Now, the OSU brain trust wants just $38 million to partially fill a pumice pit and turn a demolition dump into a full-fledged university.
The state doesn't have the money OSU-Cascades wants.
Like other states, Oregon is getting out of the business of funding higher education. It's been a long-time goal of conservatives to de-fund higher education because they few most schools as swamps of liberalism.
Oregon, though, does offer free tuition to some community college students.
But, the state's flagship universities, Oregon and OSU, who already have their own boards of trustees, will likely become completely privately funded by 2025, if not sooner.
The University of Oregon and OSU are planning on becoming private institutions by seeking multi-billion dollar endowments. Of course, they're also raising tuition and accepting more out-of-state students who pay significantly more than in-state students.
Meanwhile, high rollers in Central Oregon have raised $10 million for OSU-Cascades.
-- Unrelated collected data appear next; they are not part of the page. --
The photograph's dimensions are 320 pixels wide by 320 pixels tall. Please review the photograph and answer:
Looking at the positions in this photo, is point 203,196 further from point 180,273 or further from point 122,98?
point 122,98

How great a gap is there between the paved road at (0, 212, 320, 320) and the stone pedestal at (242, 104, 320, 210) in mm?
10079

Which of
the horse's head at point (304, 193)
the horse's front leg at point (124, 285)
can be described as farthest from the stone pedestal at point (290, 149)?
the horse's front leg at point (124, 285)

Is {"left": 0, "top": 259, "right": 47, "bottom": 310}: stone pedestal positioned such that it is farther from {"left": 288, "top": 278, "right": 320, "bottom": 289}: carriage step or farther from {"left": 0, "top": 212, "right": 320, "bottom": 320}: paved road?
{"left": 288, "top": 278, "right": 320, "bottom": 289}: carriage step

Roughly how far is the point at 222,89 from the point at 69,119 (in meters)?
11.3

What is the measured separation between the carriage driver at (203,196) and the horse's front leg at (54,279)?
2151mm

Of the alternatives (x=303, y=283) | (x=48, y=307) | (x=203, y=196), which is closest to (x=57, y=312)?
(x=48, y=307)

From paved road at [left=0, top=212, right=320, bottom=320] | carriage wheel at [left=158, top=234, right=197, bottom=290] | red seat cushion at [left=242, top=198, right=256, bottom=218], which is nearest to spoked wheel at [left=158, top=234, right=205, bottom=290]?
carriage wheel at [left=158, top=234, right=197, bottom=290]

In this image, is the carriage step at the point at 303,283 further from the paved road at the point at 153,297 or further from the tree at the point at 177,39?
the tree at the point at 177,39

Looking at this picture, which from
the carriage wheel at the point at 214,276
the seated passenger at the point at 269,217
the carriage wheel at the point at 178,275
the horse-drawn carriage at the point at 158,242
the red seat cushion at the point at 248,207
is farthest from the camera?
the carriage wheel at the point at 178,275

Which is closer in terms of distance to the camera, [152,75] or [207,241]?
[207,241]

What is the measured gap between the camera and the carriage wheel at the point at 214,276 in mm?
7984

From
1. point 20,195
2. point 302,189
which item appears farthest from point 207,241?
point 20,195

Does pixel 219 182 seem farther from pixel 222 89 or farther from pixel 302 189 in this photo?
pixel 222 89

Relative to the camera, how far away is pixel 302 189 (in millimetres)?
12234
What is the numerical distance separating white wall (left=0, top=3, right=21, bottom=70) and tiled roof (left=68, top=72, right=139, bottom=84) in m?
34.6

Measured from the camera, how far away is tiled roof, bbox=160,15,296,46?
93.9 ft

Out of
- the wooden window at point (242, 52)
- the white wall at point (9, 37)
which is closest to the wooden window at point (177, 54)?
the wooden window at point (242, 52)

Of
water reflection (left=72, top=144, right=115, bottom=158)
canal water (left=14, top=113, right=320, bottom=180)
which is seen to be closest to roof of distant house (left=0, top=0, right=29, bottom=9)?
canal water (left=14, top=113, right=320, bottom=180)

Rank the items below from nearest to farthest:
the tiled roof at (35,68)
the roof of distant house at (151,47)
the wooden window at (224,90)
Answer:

While impressive, that sum won't buy many buildings, let alone much-needed parking spaces.
As enumerated before, OSU-Cascades allowed no public vote on the location of the campus. It chose the most-congested and most expensive area of town in which to build the school. Students can't afford to live anywhere near the campus. In fact, the new master plan shows housing for faculty.
If professors can't afford to live near the school, how can students?
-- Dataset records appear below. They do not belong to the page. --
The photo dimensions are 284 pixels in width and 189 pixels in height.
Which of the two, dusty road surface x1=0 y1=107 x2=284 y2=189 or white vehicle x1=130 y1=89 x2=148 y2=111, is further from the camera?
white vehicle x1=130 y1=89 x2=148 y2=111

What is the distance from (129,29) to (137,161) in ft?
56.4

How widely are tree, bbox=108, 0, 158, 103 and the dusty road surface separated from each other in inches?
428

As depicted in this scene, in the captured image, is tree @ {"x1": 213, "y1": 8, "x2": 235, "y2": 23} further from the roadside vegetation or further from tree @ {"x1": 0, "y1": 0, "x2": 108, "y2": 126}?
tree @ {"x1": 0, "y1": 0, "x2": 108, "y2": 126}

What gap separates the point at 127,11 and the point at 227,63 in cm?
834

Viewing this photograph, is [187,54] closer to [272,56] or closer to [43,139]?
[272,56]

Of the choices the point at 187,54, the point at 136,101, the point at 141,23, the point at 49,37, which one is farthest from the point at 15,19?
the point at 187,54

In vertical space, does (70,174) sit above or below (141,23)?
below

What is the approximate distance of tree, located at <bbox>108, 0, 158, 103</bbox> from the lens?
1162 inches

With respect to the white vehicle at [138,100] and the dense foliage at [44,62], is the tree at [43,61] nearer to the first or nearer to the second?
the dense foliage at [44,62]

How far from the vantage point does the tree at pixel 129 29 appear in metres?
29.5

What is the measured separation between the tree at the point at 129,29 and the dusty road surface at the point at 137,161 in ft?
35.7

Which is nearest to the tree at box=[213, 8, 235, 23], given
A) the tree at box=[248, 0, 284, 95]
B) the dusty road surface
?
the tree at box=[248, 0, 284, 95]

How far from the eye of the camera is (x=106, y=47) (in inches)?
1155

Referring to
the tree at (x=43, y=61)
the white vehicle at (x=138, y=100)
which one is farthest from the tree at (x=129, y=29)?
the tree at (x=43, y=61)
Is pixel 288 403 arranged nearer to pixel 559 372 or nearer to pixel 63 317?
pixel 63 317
As we embrace the era of privatization, fewer in-state students will be able to attend in-state "public" colleges or universities.
In the 1980s, the state contributed more than 70 percent toward the cost of running the state's colleges and universities. Today, it is less than 7 percent, thanks in large part to tax-cutting measures voted by Oregonians.
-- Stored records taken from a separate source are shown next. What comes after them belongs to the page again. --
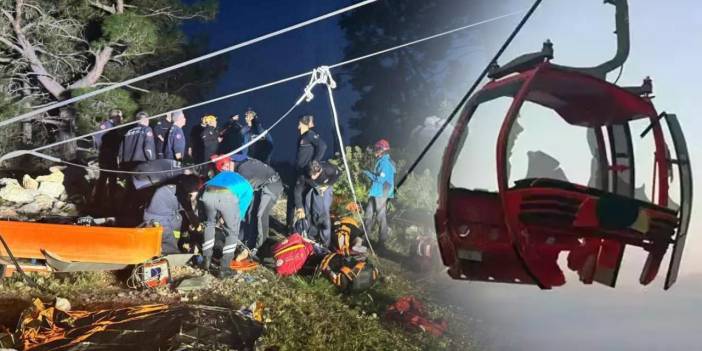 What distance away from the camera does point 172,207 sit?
331 centimetres

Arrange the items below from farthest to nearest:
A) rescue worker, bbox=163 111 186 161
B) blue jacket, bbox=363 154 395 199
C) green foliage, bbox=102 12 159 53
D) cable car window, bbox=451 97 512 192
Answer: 1. green foliage, bbox=102 12 159 53
2. rescue worker, bbox=163 111 186 161
3. blue jacket, bbox=363 154 395 199
4. cable car window, bbox=451 97 512 192

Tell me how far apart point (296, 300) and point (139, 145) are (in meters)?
1.69

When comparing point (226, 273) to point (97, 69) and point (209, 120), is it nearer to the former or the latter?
point (209, 120)

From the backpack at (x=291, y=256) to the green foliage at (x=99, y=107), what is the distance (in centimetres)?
208

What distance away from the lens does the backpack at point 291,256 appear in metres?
2.85

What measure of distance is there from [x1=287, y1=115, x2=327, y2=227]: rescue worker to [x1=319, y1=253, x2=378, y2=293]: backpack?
77 centimetres

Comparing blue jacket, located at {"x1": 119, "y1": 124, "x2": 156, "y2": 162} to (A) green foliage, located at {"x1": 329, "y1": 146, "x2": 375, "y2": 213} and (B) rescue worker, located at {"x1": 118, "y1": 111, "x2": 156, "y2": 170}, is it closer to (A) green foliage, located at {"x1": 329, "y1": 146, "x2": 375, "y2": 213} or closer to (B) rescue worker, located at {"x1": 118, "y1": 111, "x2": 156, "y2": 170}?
(B) rescue worker, located at {"x1": 118, "y1": 111, "x2": 156, "y2": 170}

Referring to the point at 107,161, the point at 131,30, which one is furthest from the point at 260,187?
the point at 131,30

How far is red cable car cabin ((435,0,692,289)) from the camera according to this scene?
4.09 feet

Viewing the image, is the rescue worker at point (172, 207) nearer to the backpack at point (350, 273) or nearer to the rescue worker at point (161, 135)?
the rescue worker at point (161, 135)

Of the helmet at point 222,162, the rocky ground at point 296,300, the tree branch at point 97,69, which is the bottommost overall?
the rocky ground at point 296,300

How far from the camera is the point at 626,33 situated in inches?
57.6

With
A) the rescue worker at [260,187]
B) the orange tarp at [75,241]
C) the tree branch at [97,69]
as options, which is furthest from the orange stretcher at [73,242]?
→ the tree branch at [97,69]

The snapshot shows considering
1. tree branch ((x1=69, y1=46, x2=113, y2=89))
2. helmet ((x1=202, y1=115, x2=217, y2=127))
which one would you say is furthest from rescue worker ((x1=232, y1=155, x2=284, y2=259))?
tree branch ((x1=69, y1=46, x2=113, y2=89)) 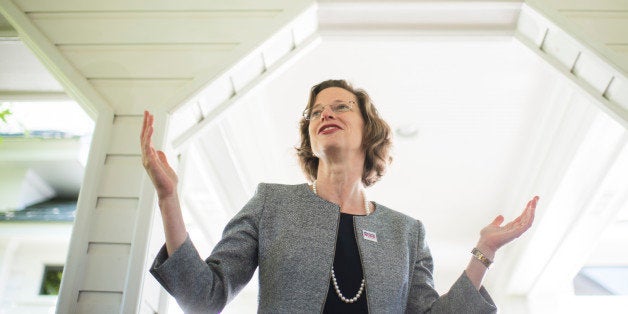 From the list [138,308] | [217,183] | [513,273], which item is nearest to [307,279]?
[138,308]

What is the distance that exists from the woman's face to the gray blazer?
0.43 feet

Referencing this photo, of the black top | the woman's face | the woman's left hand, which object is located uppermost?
the woman's face

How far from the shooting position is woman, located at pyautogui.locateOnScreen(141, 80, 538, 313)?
41.9 inches

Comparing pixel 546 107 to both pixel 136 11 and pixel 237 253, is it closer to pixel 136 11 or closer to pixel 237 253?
pixel 136 11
That's the spirit of our times: Cut taxes and expect money to still flow to public institutions. Having your cake and eating it, too.
It's like saying, "Okay, let's all take a pay cut and we'll all have more money at the end of the month!"
Isn't that insane?
Kansans destroyed their state with tax cuts and now Republicans are hell-bent on destroying the country with their current tax proposal.
Once it passes, and corporations get their big fat tax cuts, maybe they'll turn around and fund higher education. Uh, not really.
And yet, it won't be long before UO is re-named Nike University.
Maybe OSU in Corvallis can be called Reser Salsa University.
OSU-Cascades needs a local sugar daddy like Les Schwab Tires or Brooks Resources.
If it's Les Schwab, we can call OSU-Cascades, LSU.
The school's slogan could be: We Tread on You.